Nunca fueron demócratas, por eso Morales violó la Constitución al presentarse a una cuarta elección en 2019, cuando la Ley solo permite dos continuas, y por eso también desconoció el Referéndum de 2016 que le dijo NO. Se subieron al carro de la historia utilizando el método democrático, es decir, el voto, como tantos populistas, pero desecharon la condición social de la democracia, que es el pluralismo político para que ciudadanos y ciudadanas participen en la construcción del destino de su sociedad. 

El MAS y sus jerarcas han optado por la antipolítica desde el poder, no solo para desmantelar los cimientos plurales de la realidad como síntesis de múltiples determinaciones, sino en su forma más radical: la concentración total del poder, a la vieja usanza estalinista: “al   margen de la esfera política”, como escribió Hannah Arendt en los “Orígenes del Totalitarismo”.

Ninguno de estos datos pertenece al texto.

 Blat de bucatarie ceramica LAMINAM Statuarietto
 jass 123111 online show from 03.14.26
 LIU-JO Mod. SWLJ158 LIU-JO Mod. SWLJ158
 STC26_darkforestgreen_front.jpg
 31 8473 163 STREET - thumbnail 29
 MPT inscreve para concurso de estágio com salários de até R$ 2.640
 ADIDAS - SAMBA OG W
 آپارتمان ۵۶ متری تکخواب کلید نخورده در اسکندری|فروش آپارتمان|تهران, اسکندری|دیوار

En otras palabras, a través de la antipolítica que desemboca en la sinrazón de la violencia y la fuerza bruta.  Es decir, sin compromisos democráticos, sin diálogos, sin debates, sin búsqueda de consensos, sin respeto a la institucionalidad democrática, a la convivencia pacífica entre diferentes, a la independencia de poderes, con un Poder Judicial probo y justo, la transparencia y rendición de cuentas. 

El MAS de Luis Arce, del ex Morales y su jacobino ex vice, creen que ganar elecciones les da potestad para despreciar a los Indígenas del Oriente y para imponer decisiones que atentan contra la libertad personal, y contra identidades socioeconómicas de vida y sobrevivencia de cerca de 80% la población económicamente activa. Es la informalidad, la mayor parte sin recursos suficientes para reproducir su fuerza de trabajo y la de su familia. 

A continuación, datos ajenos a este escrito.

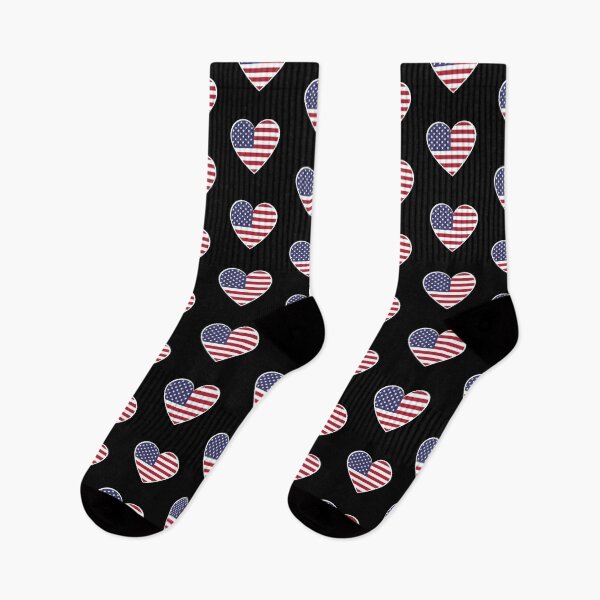 Item preview, UNITED STATES FLAG (USA Flag) designed and sold by USEFULART-Shop.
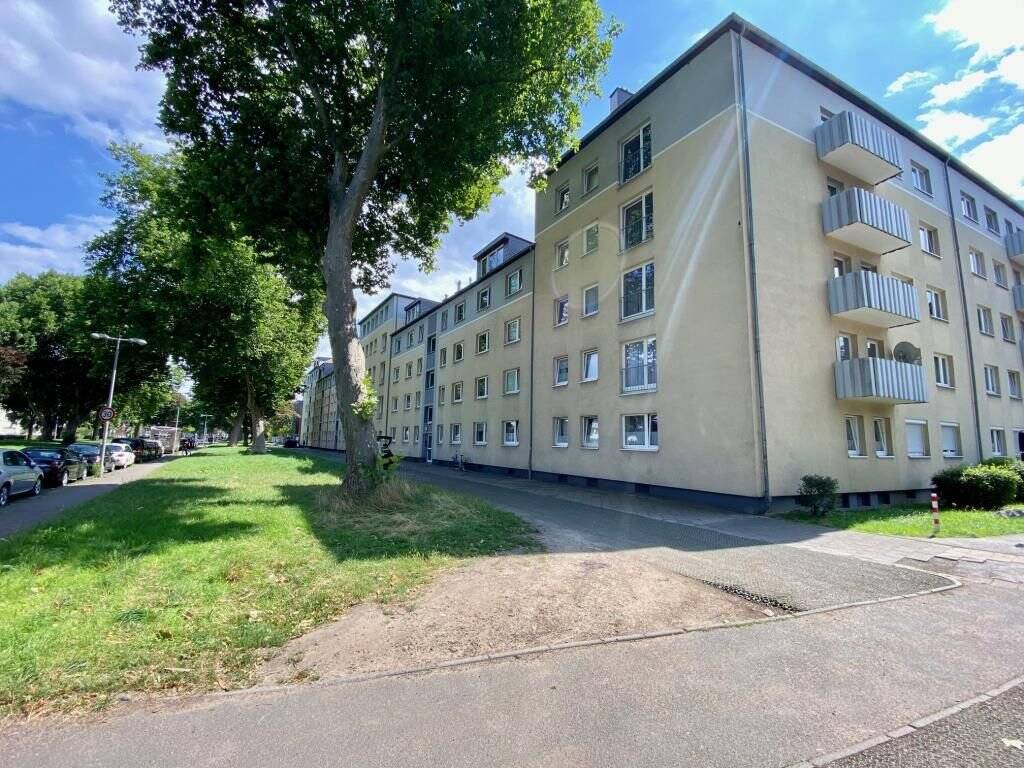 Property thumbnail 2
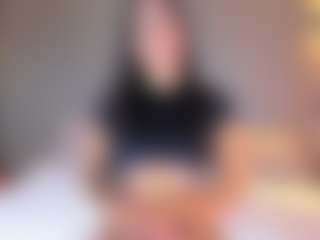 Ahincale's Live Sex Cam Show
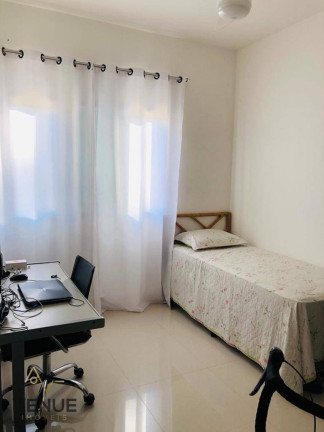 Imagem Casa com 3 Quartos à Venda, 137 m² em Morada Da Praia - Bertioga Imagem Casa com 3 Quartos à Venda, 137 m² em Morada Da Praia - Bertioga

Los del MAS abusan de su mayoría y van contra los derechos políticos de minorías, convertidas en descartables, por eso prescinden de ellas en la conformación de directivas camarales. Están envenenando la democracia porque quieren partido y pensamiento único, al punto que fomentan a tránsfugas político que pasan de la oposición al oficialismo en el Parlamento sin respetar el reglamento ni a las minorías. 

Hay que “robarles el alma”, estará repitiendo el ex vice García Linera, vía la judicialización de la política, la criminalización de la oposición y la generación de una estructura de prensa y propaganda al estilo leninista. Echan mano del uso selectivo de la crueldad política que la aplican sin piedad a la expresidenta Jeanine Añez, con un inventando golpe de Estado. El régimen tiene 52 presos políticos, amén de perseguidos y más de 1200 exiliados de vieja data, más los nuevos. Es la "venganza” del populista cocalero Morales. 

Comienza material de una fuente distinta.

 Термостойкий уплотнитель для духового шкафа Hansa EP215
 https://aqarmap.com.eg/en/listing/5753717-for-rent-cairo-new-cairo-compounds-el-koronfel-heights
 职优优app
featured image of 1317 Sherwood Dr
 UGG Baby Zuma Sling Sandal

Investigadores que estudian los tentáculos del Primer Comando Capital de San Pablo, Brasil, califican a Bolivia como un santuario del Narcosur, además, de ser país tránsito de cocaína desde Perú y Colombia hacia Brasil y Europa.  Una de las razones para esa connivencia ilegal, según las investigaciones, es que los narcotraficantes cuentan con protección de policías y militares, dados los altos índices de corrupción en Bolivia. De acuerdo al Índice de Percepción de Corrupción del año 2020, Bolivia obtiene apenas 31 puntos sobre 100, igual que México, superado por Venezuela (17), Haití (18) y Nicaragua (22). 

El MAS y sus hombres están robando el presente y el futuro de la sociedad boliviana, que la queremos siempre libre. Ni con 55% de votos tienen licencia para matar la democracia.